Do alumina matrix composite bearings decrease hip noises and bearing fractures at a minimum of 5 years after THA?

Seung-Hoon Baek, Won Keun Kim, Jun Young Kim, Shin-Yoon Kim
Clinical Orthopaedics and related Research 2015, 473 (12): 3796-802

BACKGROUND: Ceramic-on-ceramic bearing couples are theoretically attractive in total hip arthroplasty (THA) because of low wear, but concerns regarding ceramic fracture and squeaking have arisen. Improved material properties of newer alumina matrix composite (AMC) materials, known as Delta ceramics, may reduce these risks. In addition, the use of thinner liners and larger femoral heads may be helpful clinically to lower the rate of dislocation. However, limited short-term clinical results are available and intermediate-term effects are unclear.

QUESTIONS/PURPOSES: (1) What is the frequency of bearing-related complications (dissociation, fracture, and noise) with ceramic-on-ceramic AMC bearings in cementless THA? (2) What other complications arose in patients treated with these bearings? (3) What are the Harris hip scores (HHS) and survivorship free from reoperation and revision at a minimum of 5 years after cementless THA performed with AMC bearings?

METHODS: Over a 9-month period in 2009, one surgeon performed 125 THAs, of which 100 (80% of the total) were performed with cementless, AMC bearings. During the period in question, the exclusion criteria for this implant were primary THAs with severe acetabular or femoral bone defect and revision THAs. Of these, 94 hips (95%) in 91 patients were available for analysis at a minimum of 5 years (range, 5-6 years), because five patients (six hips) had died. Mean age at the time of arthroplasty was 55 ± 14 years. Prostheses with an identical design and Biolox(®) Delta ceramics were used in all patients. Noise was classified into squeaking, clicking, grinding, and popping. Ceramic fracture, dislocation, and any other complications associated with the use of AMC ceramics were also investigated. Clinical evaluation included the modified HHS preoperatively and at each followup.
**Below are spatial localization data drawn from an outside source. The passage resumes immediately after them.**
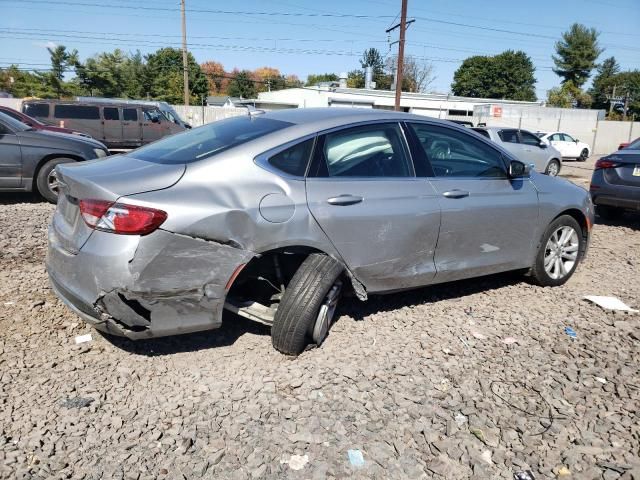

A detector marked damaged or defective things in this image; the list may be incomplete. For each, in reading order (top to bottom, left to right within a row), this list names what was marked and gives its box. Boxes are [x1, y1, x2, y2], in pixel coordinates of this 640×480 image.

detached wheel [36, 158, 74, 202]
cracked bumper [47, 227, 255, 340]
detached wheel [270, 253, 342, 354]
damaged silver sedan [46, 110, 596, 354]
detached wheel [544, 160, 560, 177]
detached wheel [528, 216, 584, 286]
detached wheel [596, 205, 624, 222]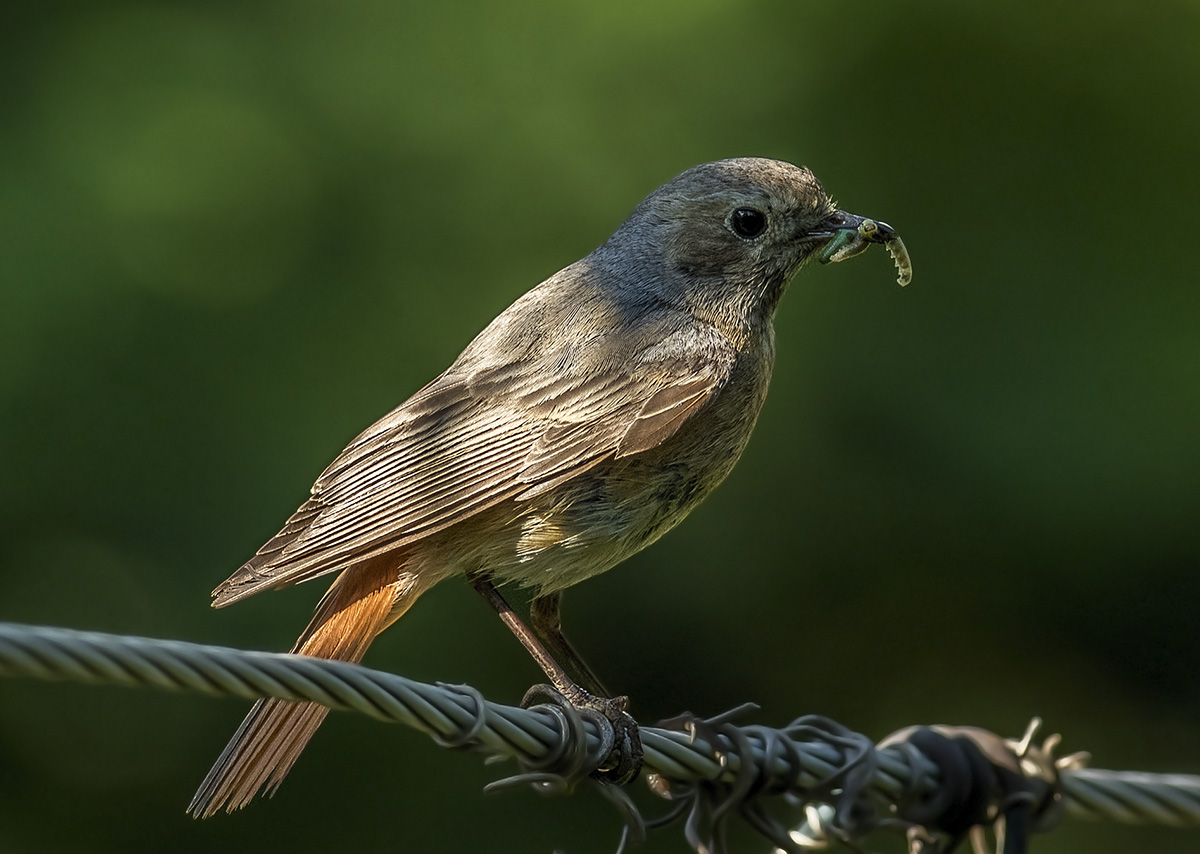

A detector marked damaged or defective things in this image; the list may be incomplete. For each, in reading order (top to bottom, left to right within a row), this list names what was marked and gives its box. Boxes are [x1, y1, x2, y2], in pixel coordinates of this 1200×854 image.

rusty wire barb [2, 618, 1200, 854]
Survivorship free from reoperation and revision was calculated using the Kaplan-Meier method.

RESULTS: Of 91 patients, four developed bearing-related complications, including one with liner dissociation despite initial square seating and three with clicking. No patients had ceramic fractures. A single event of perioperative dislocation occurred in one patient and postoperative periprosthetic fracture occurred in two hips. Mean HHS improved from 56 to 93 points at the final followup (p < 0.001). Survivorship at 5 years free from reoperation and revision was 96.8% and 97.9%, respectively.

CONCLUSIONS: Improved material properties combined with the possible use of larger diameter heads make AMC ceramics a promising alternative bearing option with seemingly comparable clinical outcomes reported by others with conventional ceramic bearings. Despite these encouraging results, however, meticulous technical precautions such as square seating and proper impaction in particular should be taken during liner insertion, because we did observe one liner dissociation and several patients with hip noises.

LEVEL OF EVIDENCE: Level IV, therapeutic study.